··· Given records
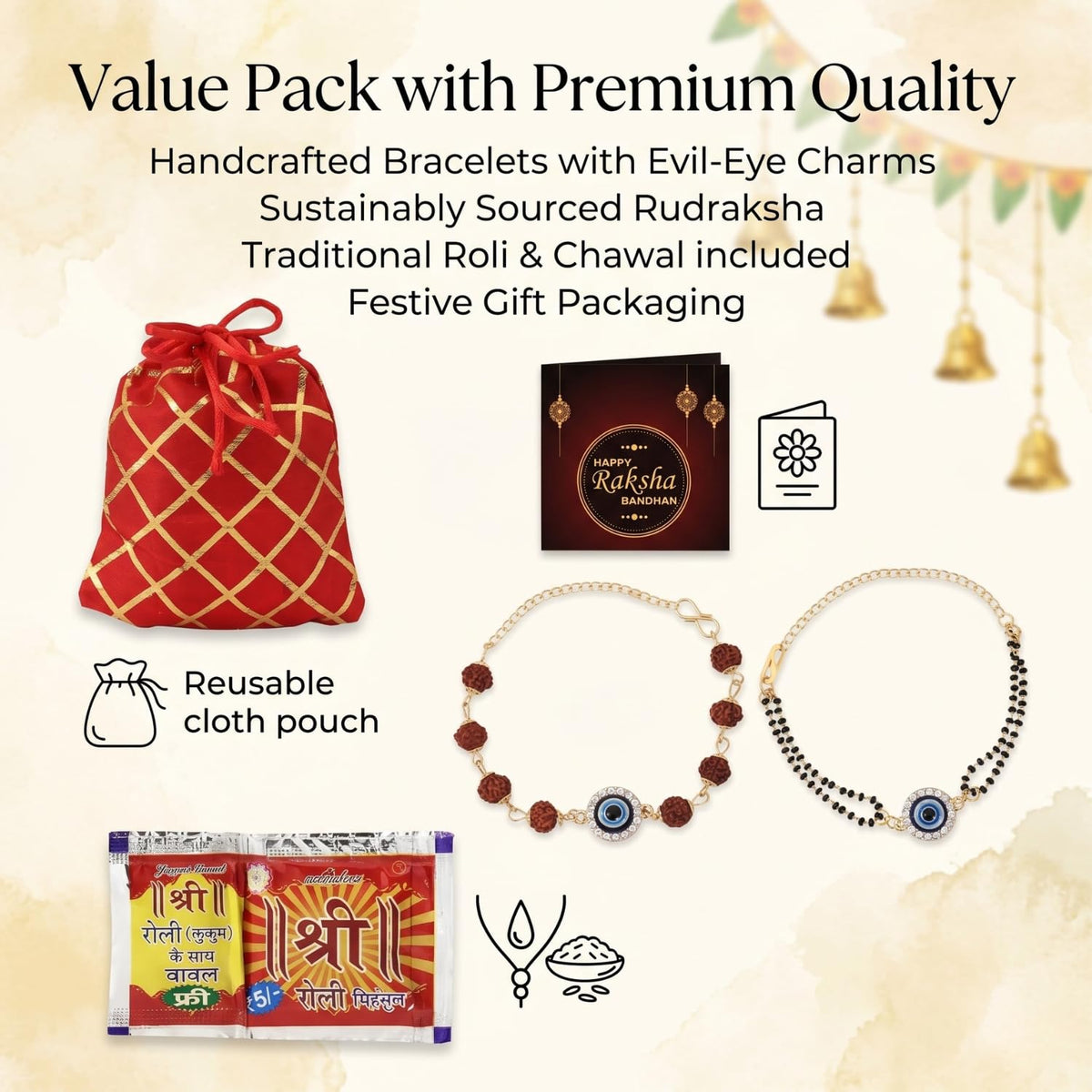 Kalakriti Handmade Rakhi for Brother and Bhabhi Combo Set of 2 With Designer Kundan Lumba Bracelet for Bhabhi With Roli Chawal, Raksha Bandhan Greeting Card and
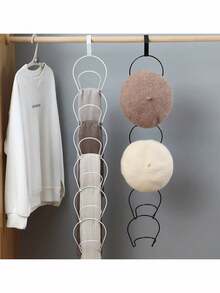 1 buc. Organizator metalic pentru pălării și peruci, suport pentru șepci fără unghii, suport pentru depozitarea eșarfelor pentru dormitor, folosit pentru șapcă de baseball, pălărie, suport pentru prosoape - Multicolor - Vizualizare 2
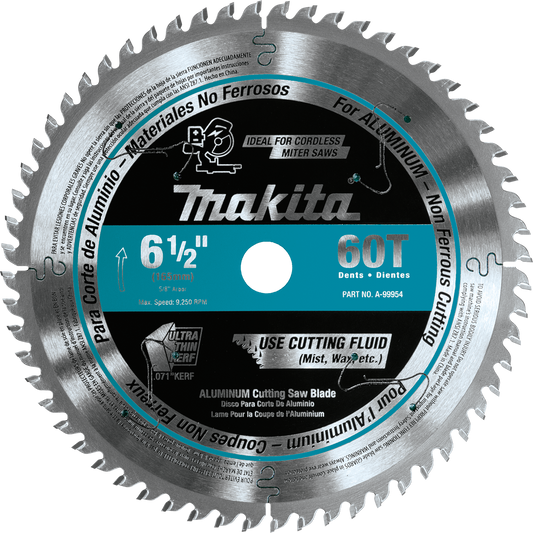 Makita A-99954 6‑1/2" 60T Carbide‑Tipped Ultra‑Thin Kerf Saw Blade, Aluminum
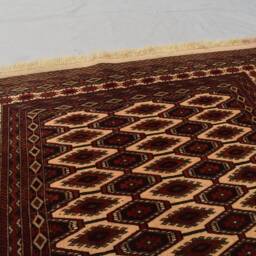 Vintage Afghan Turkmen Rug Zahir Shahi Wool Carpet - 6.5 X 4.9 Ft - thumbnail 3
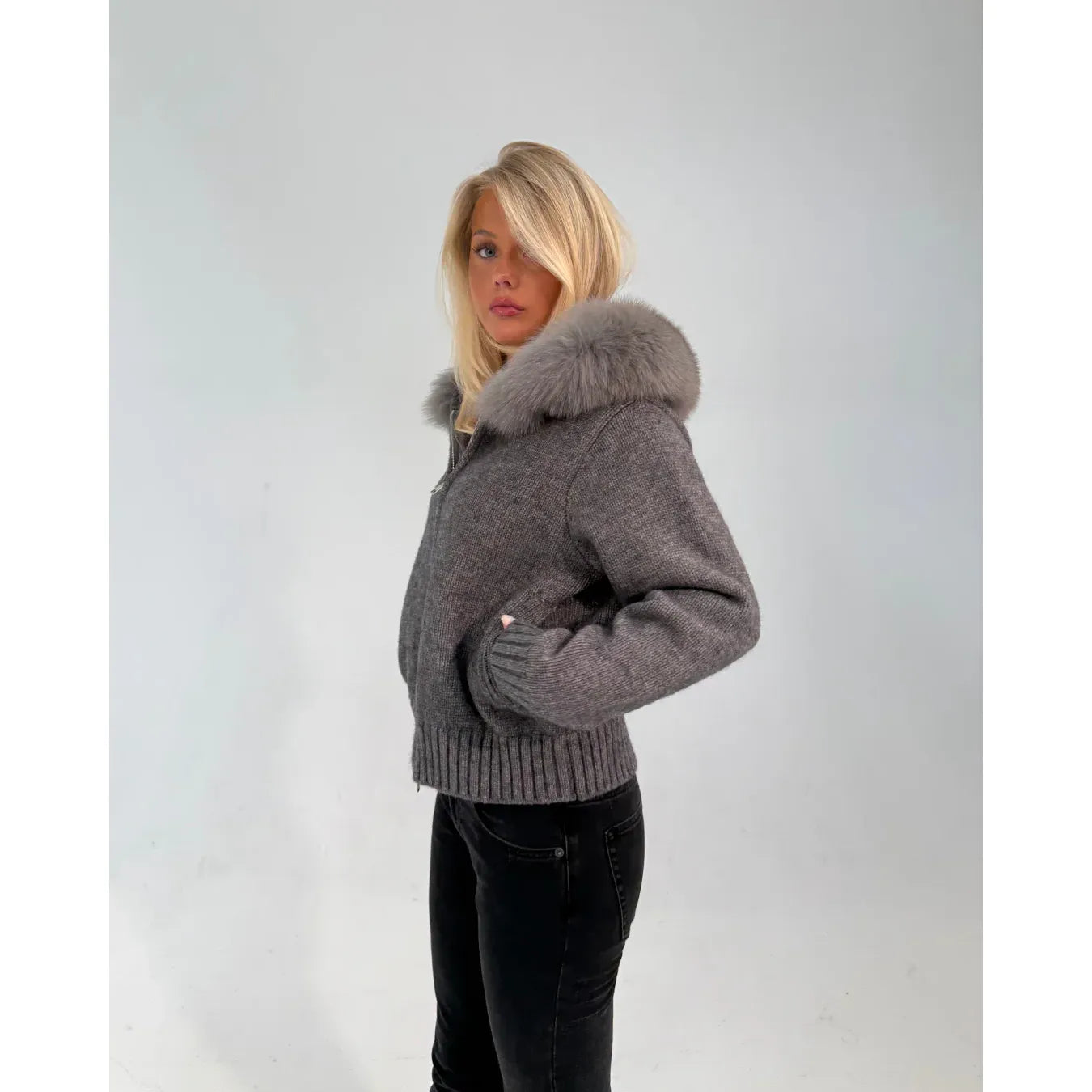 FUR ZIP JACKET GREY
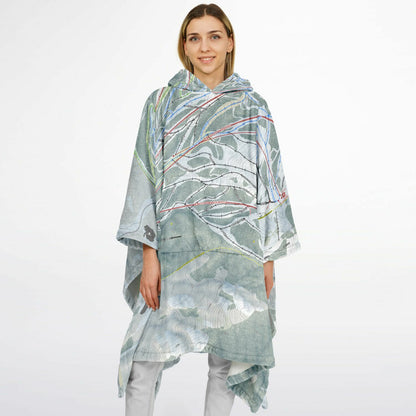Snowbasin, Utah Ski Resort Map Flannel Blanket Poncho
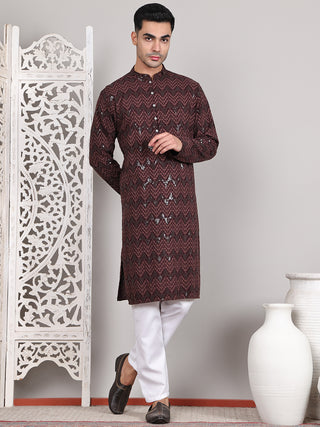 Sequin & Embroidered Kurta with Pyjamas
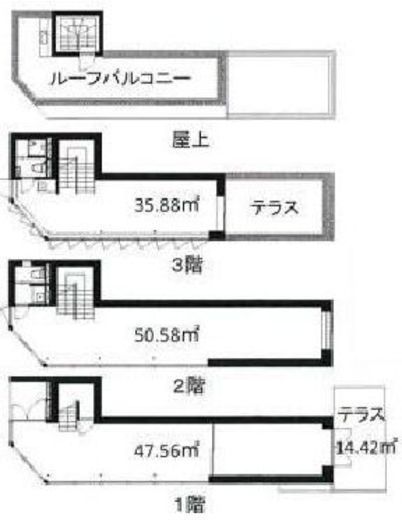 第20スカイビルANNEX 1-3階(一棟) 間取り図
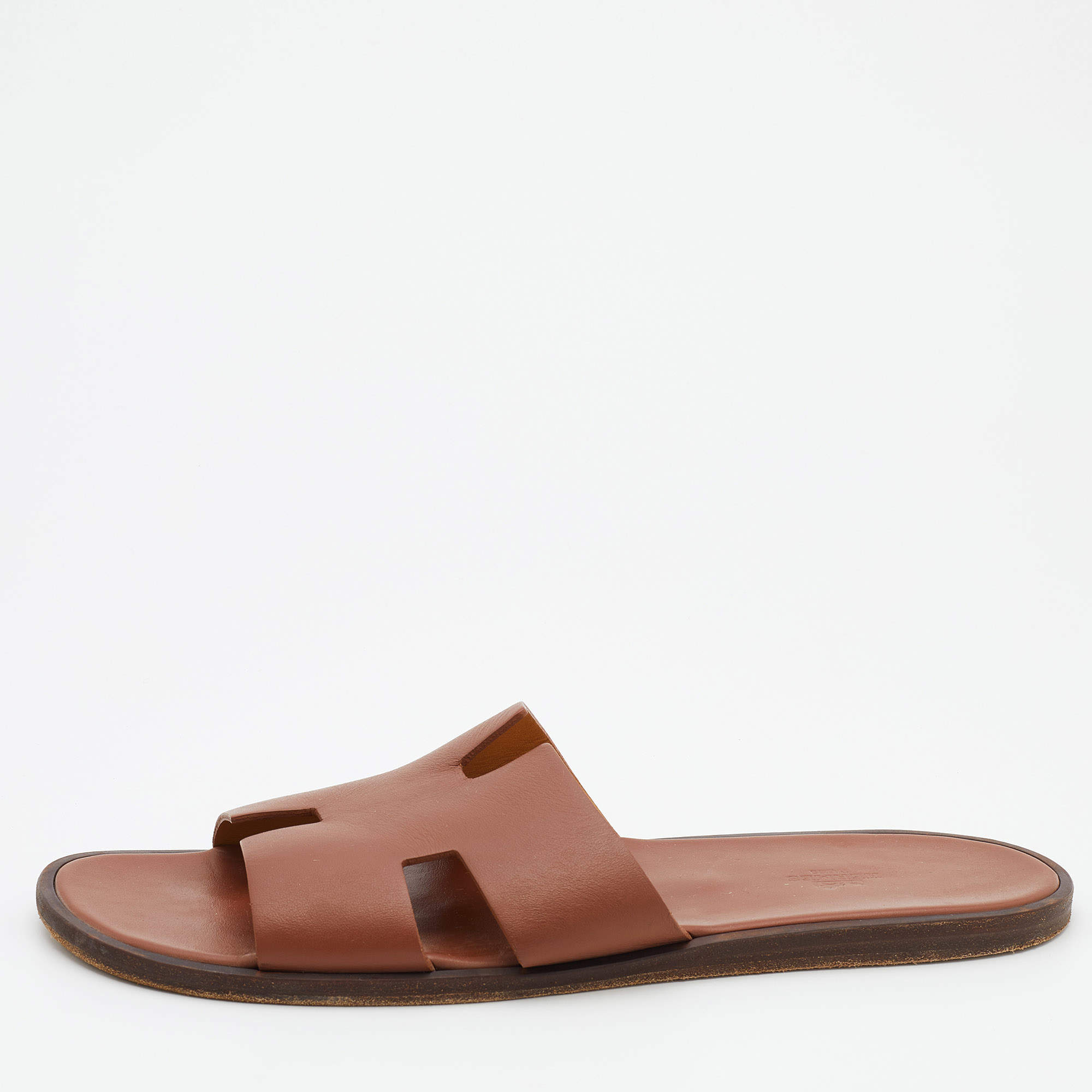 Hermes Brown Leather Izmir Flat Slides Size 47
······
■ **Task item**: Output each record precisely as it appears, and drop every picture.

■ **Exercise result**:
 Kalakriti Handmade Rakhi for Brother and Bhabhi Combo Set of 2 With Designer Kundan Lumba Bracelet for Bhabhi With Roli Chawal, Raksha Bandhan Greeting Card and
 1 buc. Organizator metalic pentru pălării și peruci, suport pentru șepci fără unghii, suport pentru depozitarea eșarfelor pentru dormitor, folosit pentru șapcă de baseball, pălărie, suport pentru prosoape - Multicolor - Vizualizare 2
 Makita A-99954 6‑1/2" 60T Carbide‑Tipped Ultra‑Thin Kerf Saw Blade, Aluminum
 Vintage Afghan Turkmen Rug Zahir Shahi Wool Carpet - 6.5 X 4.9 Ft - thumbnail 3
 FUR ZIP JACKET GREY
Snowbasin, Utah Ski Resort Map Flannel Blanket Poncho
 Sequin & Embroidered Kurta with Pyjamas
 第20スカイビルANNEX 1-3階(一棟) 間取り図
 Hermes Brown Leather Izmir Flat Slides Size 47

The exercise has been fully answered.